Comprehensive genomic surveillance and phenotypic screening are critical to characterize and identify variants of clinical significance in a timely manner.
Author contributions
T Koyama and K Miyakawa conceived the idea, performed the research, analyzed the data and wrote the manuscript. R Tokumasu and SS Jeremiah supported data analysis and wrote the manuscript. M Kudo supervised the study. A Ryo supervised and directed the study, analyzed the data and wrote the manuscript. All interpreted the data, reviewed the manuscript and made refinements.
Acknowledgments
The authors acknowledge the support of the medical staff involved in this study. The authors also thank H Kato for collecting serum specimens and K Yoshihara and K Horikawa for their technical assistance. The authors gratefully acknowledge the authors and the originating and submitting laboratories providing sequences to the GISAID's EpiFlu™ Database and NCBI.
Ethical conduct of research
The studies involving human participants were reviewed and approved by the Yokohama City University Certified Institutional Review Board (reference no.
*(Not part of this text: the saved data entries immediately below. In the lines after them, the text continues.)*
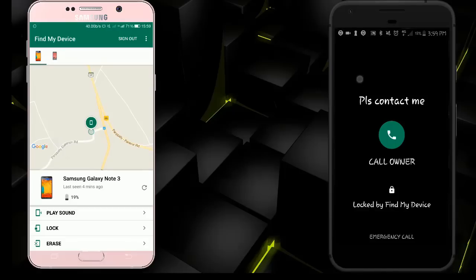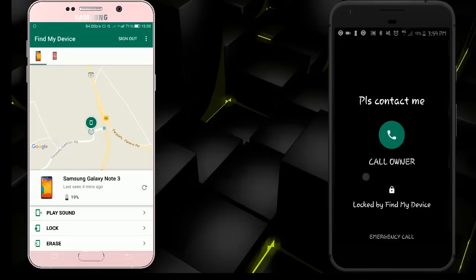I am going to call the phone and call the owner. I will call the number and call the owner.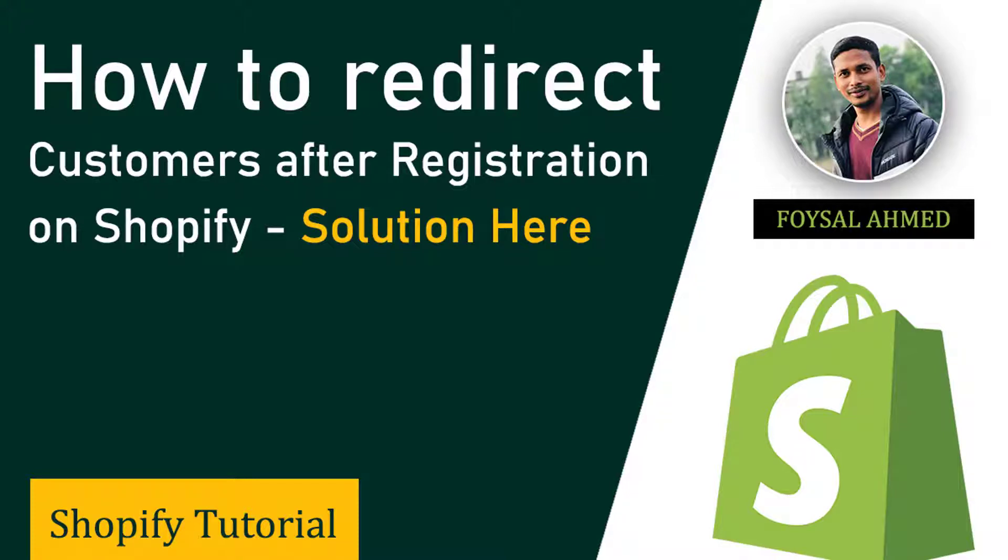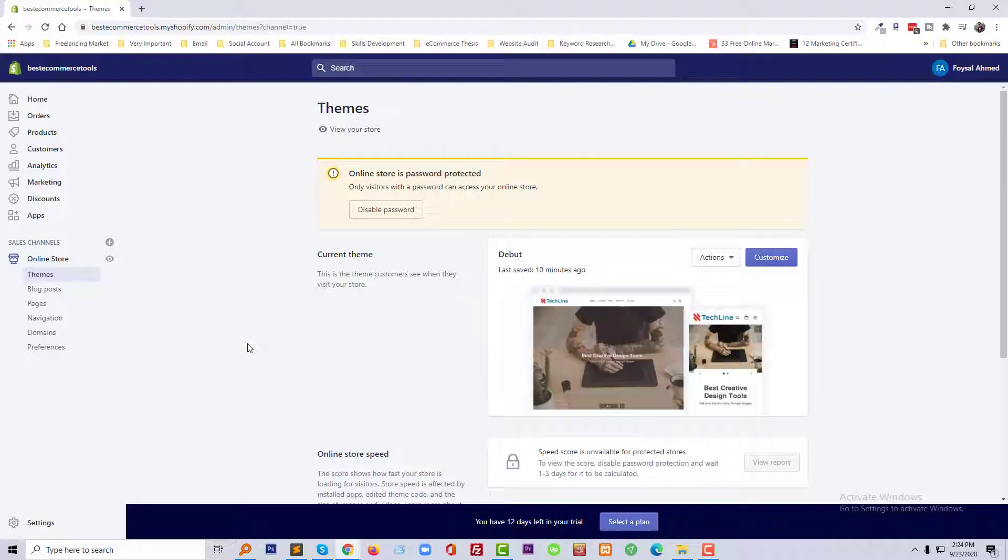Hi there, welcome to you in this tutorial. In this video I am going to show you how to redirect new customers after registration. If you are a new Shopify user or beginner, then you can continue this tutorial.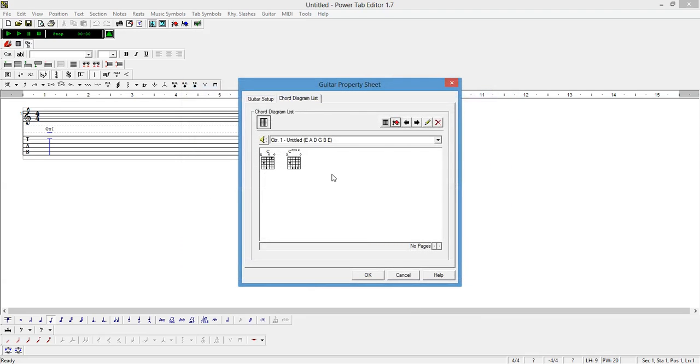As we can see, we have two chord diagrams that we have added to the lead sheet. Click OK.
B210300001). The patients/participants provided their written informed consent to participate in this study.
Footnotes
Financial & competing interests disclosure
T Koyama, R Tokumasu and M Kudo are current employees of IBM. This study was supported by AMED grants (JP20he0522001, JP21fk0108104) to A Ryo. The authors have no other relevant affiliations or financial involvement with any organization or entity with a financial interest in or financial conflict with the subject matter or materials discussed in the manuscript apart from those disclosed.
No writing assistance was utilized in the production of this manuscript.